==== THE DATA
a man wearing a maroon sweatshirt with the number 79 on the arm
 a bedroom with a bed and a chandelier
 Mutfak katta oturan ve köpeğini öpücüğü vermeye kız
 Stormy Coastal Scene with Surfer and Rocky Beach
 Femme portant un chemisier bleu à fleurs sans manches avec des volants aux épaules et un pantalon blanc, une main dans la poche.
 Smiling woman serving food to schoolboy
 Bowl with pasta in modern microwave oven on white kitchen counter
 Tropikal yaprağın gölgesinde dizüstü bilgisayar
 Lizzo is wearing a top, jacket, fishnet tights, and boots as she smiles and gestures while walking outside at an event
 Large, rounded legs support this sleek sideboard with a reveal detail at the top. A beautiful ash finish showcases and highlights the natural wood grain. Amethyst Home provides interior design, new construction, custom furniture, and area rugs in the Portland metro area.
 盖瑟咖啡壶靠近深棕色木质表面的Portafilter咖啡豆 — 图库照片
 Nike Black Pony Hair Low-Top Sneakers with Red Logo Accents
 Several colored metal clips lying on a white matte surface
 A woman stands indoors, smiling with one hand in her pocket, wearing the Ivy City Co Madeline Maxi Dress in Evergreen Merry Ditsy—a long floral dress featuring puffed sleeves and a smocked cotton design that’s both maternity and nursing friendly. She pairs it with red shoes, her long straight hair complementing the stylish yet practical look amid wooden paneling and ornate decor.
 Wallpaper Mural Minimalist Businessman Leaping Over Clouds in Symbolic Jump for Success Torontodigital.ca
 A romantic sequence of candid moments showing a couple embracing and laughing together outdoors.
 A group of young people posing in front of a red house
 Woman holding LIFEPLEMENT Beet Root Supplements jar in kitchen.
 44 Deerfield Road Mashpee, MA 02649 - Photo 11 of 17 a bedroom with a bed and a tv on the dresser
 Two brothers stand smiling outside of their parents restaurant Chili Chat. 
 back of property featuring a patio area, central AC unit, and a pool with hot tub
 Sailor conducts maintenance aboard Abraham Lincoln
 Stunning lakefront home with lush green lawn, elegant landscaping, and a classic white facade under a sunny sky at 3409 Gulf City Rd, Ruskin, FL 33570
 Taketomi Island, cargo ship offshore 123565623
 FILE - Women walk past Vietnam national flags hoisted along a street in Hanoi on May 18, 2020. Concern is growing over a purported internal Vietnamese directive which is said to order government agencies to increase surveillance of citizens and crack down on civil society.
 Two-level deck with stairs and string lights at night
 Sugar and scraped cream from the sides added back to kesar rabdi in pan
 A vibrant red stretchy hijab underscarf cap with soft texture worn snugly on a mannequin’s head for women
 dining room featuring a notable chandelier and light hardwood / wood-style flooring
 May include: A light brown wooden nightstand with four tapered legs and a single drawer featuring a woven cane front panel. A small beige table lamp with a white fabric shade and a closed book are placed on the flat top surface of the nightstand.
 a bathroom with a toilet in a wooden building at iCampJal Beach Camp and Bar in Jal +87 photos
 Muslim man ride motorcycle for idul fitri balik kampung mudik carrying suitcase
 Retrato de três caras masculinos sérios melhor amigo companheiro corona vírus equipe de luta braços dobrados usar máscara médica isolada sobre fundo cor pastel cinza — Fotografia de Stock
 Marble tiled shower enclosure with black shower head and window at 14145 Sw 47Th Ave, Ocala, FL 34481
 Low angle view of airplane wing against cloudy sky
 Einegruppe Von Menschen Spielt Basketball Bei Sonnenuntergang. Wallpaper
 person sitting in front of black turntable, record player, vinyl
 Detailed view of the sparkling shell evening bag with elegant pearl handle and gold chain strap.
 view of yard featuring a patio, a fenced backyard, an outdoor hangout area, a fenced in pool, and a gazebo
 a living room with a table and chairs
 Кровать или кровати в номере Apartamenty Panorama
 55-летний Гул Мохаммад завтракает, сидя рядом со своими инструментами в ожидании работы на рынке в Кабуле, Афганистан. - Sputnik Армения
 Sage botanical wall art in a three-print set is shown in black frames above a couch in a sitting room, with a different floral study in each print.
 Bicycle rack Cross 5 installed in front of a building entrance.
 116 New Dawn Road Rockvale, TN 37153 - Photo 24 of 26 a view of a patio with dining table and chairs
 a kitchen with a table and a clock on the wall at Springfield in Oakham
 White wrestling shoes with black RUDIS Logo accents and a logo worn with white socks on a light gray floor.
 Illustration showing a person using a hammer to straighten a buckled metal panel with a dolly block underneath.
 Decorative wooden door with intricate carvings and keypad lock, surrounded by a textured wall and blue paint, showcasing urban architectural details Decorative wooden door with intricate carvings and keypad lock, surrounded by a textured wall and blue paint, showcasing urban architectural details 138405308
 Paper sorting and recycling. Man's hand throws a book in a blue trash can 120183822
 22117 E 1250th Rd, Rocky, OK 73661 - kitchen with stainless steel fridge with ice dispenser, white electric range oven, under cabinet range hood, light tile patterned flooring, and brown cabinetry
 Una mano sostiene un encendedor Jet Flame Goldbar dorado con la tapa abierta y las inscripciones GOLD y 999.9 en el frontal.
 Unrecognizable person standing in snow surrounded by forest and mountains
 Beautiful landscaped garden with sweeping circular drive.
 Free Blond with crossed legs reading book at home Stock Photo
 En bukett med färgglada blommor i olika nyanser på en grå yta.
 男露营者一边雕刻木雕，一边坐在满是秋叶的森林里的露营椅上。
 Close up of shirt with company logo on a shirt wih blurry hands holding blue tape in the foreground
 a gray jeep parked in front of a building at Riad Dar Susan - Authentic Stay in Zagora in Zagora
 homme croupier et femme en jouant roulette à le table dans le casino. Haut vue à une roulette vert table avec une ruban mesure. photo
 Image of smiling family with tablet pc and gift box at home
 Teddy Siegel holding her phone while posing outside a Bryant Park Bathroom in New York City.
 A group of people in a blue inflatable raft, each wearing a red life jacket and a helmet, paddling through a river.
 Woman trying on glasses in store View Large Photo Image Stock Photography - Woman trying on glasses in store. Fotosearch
========
## WORK ORDER:
If a line in the material contains "bedroom", show it.

## ANSWER TO THE EXERCISE:
 a bedroom with a bed and a chandelier
 44 Deerfield Road Mashpee, MA 02649 - Photo 11 of 17 a bedroom with a bed and a tv on the dresser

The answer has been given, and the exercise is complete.